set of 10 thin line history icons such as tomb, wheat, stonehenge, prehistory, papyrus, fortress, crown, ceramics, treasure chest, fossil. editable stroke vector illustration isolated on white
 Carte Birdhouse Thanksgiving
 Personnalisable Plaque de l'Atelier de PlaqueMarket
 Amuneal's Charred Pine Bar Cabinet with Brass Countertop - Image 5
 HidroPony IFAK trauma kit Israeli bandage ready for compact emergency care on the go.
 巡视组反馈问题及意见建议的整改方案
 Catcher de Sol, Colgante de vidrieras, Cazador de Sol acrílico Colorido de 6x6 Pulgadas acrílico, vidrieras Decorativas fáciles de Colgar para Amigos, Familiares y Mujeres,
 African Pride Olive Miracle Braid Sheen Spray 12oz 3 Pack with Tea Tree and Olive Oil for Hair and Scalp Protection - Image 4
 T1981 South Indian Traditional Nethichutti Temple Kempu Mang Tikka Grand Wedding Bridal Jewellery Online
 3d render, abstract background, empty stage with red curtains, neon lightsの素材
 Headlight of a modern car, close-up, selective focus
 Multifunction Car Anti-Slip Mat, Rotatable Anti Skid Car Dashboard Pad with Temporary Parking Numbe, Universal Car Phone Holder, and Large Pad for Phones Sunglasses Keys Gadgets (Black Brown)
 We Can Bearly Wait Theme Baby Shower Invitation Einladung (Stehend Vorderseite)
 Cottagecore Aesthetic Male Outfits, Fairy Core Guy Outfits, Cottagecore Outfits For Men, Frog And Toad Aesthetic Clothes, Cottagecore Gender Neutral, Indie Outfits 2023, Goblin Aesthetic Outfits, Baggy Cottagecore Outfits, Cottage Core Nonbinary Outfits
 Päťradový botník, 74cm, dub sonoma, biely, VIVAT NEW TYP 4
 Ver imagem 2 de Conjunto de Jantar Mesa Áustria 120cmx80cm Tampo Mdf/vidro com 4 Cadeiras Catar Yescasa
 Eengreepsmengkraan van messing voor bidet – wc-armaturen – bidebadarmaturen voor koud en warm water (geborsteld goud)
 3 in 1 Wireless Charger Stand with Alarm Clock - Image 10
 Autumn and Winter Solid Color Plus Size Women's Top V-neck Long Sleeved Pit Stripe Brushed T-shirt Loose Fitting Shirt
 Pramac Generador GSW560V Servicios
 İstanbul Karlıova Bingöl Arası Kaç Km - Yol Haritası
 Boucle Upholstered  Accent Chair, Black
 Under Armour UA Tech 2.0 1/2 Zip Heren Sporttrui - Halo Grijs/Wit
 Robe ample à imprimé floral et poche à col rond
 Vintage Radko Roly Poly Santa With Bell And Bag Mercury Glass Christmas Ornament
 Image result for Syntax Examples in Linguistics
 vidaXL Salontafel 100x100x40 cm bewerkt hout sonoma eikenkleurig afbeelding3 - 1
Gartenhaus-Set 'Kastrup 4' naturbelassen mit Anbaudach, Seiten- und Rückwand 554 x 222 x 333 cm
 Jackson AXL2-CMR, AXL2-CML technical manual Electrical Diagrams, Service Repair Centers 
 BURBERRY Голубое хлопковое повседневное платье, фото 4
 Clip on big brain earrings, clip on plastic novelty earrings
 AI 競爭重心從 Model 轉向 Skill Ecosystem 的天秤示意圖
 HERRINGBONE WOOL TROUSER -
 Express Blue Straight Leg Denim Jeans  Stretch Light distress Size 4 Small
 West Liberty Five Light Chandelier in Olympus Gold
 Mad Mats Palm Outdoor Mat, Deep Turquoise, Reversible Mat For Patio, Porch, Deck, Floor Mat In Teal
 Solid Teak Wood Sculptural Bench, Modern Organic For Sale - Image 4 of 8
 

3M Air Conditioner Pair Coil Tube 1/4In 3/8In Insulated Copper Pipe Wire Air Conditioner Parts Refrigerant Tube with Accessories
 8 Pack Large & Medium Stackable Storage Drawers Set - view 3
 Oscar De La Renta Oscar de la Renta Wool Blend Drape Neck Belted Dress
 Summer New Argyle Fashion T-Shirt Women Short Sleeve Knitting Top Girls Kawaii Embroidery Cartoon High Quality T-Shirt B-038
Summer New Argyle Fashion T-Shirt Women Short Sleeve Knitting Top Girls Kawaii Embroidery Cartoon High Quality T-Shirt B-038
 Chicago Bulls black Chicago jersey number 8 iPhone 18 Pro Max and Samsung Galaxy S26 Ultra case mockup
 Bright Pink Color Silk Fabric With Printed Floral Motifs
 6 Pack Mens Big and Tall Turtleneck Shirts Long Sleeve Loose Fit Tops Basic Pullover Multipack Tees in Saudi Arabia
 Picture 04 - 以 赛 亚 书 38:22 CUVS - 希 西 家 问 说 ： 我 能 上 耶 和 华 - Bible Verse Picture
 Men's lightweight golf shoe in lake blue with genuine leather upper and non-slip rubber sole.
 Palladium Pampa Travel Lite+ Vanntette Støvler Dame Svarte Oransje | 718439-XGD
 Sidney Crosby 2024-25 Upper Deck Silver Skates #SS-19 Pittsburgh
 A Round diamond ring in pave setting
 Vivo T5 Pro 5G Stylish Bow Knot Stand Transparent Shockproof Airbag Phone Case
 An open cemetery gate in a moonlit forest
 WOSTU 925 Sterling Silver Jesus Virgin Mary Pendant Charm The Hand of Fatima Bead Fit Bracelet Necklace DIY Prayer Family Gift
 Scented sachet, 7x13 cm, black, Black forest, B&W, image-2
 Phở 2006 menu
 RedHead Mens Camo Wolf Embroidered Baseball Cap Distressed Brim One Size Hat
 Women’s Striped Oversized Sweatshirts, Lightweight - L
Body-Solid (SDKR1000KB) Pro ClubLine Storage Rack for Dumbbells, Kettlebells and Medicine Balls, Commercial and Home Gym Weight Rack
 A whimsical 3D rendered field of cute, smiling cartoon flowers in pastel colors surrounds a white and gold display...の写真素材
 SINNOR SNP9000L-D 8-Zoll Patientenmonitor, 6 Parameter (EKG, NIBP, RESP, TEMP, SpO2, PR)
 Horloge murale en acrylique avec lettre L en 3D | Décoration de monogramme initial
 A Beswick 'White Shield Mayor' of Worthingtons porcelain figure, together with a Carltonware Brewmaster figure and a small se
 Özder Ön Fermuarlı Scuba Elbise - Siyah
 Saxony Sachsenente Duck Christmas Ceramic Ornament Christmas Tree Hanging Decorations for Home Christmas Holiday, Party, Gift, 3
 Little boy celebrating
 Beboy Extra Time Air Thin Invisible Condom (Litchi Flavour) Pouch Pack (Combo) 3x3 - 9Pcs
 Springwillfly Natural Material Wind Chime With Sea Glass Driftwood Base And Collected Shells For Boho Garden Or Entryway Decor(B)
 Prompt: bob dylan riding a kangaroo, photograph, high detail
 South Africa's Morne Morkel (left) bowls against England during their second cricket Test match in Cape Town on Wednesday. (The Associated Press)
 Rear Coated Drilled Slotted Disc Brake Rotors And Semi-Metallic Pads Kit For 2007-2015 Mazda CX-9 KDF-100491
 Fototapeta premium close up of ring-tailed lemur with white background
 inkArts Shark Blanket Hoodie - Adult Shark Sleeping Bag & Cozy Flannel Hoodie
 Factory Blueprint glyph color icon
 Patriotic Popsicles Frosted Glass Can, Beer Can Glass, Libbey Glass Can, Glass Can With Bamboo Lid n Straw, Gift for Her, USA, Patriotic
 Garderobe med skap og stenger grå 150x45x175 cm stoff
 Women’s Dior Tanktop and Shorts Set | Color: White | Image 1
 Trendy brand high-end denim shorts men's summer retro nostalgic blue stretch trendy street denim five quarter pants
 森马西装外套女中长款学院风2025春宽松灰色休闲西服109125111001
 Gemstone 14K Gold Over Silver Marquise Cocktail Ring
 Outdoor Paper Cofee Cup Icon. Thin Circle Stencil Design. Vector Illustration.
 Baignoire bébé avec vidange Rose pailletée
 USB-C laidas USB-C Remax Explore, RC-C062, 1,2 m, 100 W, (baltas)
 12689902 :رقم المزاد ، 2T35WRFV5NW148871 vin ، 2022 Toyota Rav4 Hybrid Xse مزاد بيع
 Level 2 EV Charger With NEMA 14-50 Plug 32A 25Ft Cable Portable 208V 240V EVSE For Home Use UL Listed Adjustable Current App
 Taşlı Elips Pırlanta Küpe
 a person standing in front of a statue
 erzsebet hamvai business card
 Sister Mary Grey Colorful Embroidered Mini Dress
-------
== What you will do ==
Take the line above containing "BURBERRY Голубое хлопковое", the line containing "HERRINGBONE WOOL TROUSER", and all lines in between, and copy them exactly without anything else.

== Answer for the task ==
 BURBERRY Голубое хлопковое повседневное платье, фото 4
 Clip on big brain earrings, clip on plastic novelty earrings
 AI 競爭重心從 Model 轉向 Skill Ecosystem 的天秤示意圖
 HERRINGBONE WOOL TROUSER -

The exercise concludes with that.